• [SOURCE MATERIAL]

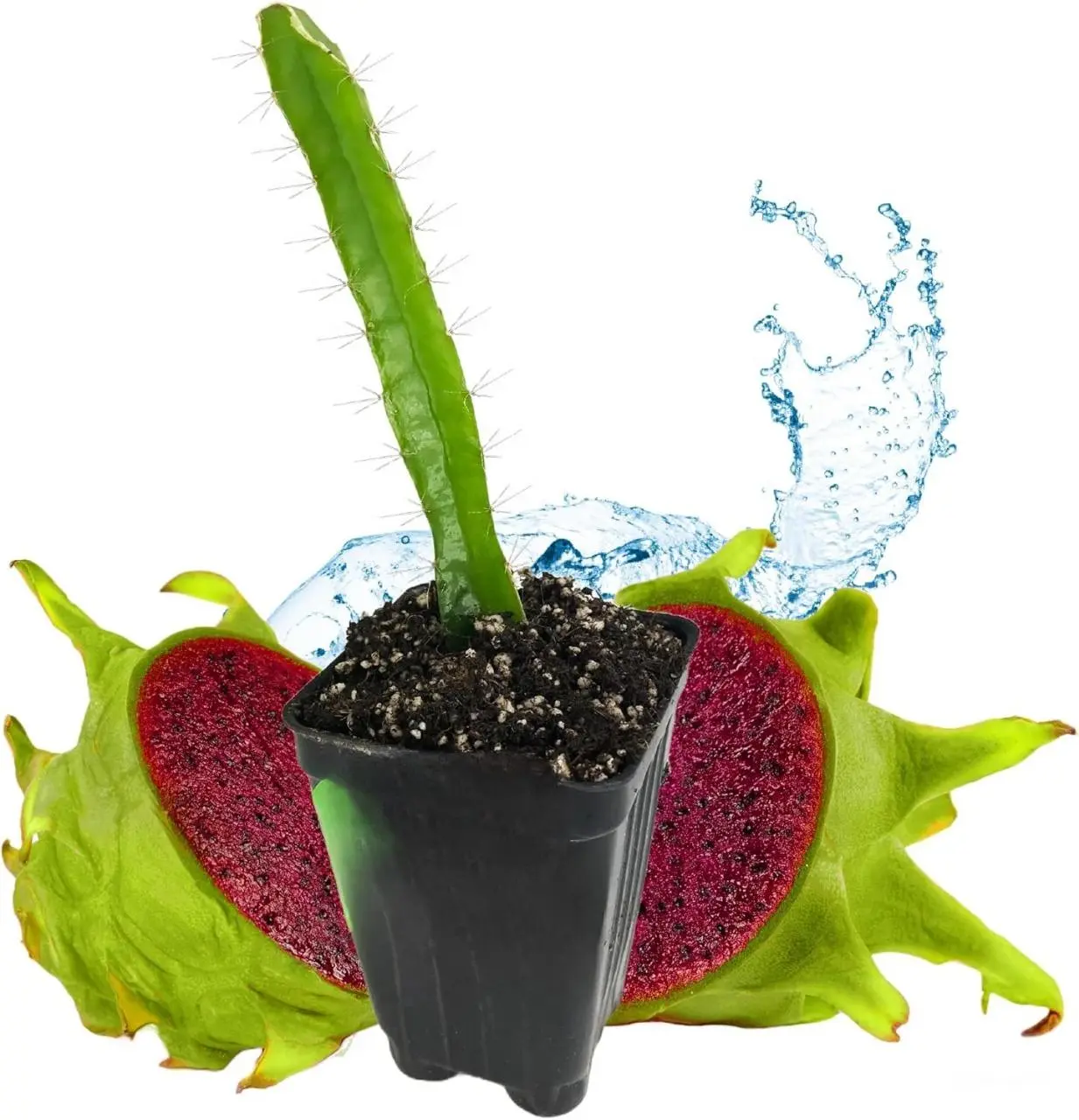 Edgar's Baby Dragon Fruit Cactus - Hylocereus undatus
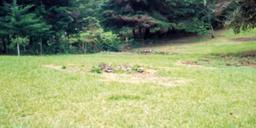 rectangular shaped lot for development view 007
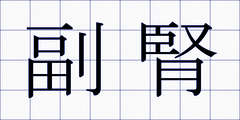 副腎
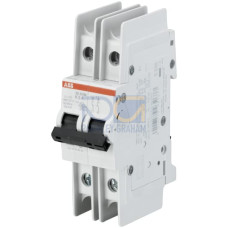 SU202M-Z16 Miniature Circuit Breaker - 2P - Z - 16 A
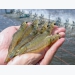 BioMar buys into Viet-Uc’s shrimp-feed business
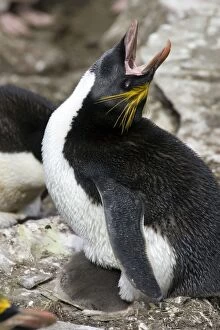 Images Dated 11th January 2008: Macaroni Penguin - Adult with chick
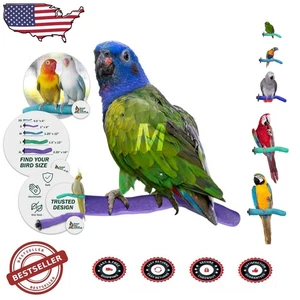 Healthy Bird Barsch 12" Medium lila Bimssteinschleifer sanftes Nagelschneiden - Bild 1 von 10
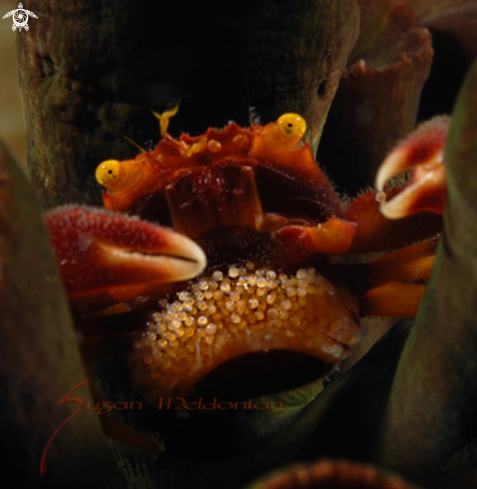 A Quadrella maculosa | Black Coral Crab holding egg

• [BRIEF]
Transcribe every entry above exactly as it stands, but skip the images.

• [TASK OUTPUT]
 Edgar's Baby Dragon Fruit Cactus - Hylocereus undatus
 rectangular shaped lot for development view 007
 副腎
 SU202M-Z16 Miniature Circuit Breaker - 2P - Z - 16 A
 BioMar buys into Viet-Uc’s shrimp-feed business
 Images Dated 11th January 2008: Macaroni Penguin - Adult with chick
 Healthy Bird Barsch 12" Medium lila Bimssteinschleifer sanftes Nagelschneiden - Bild 1 von 10
 A Quadrella maculosa | Black Coral Crab holding egg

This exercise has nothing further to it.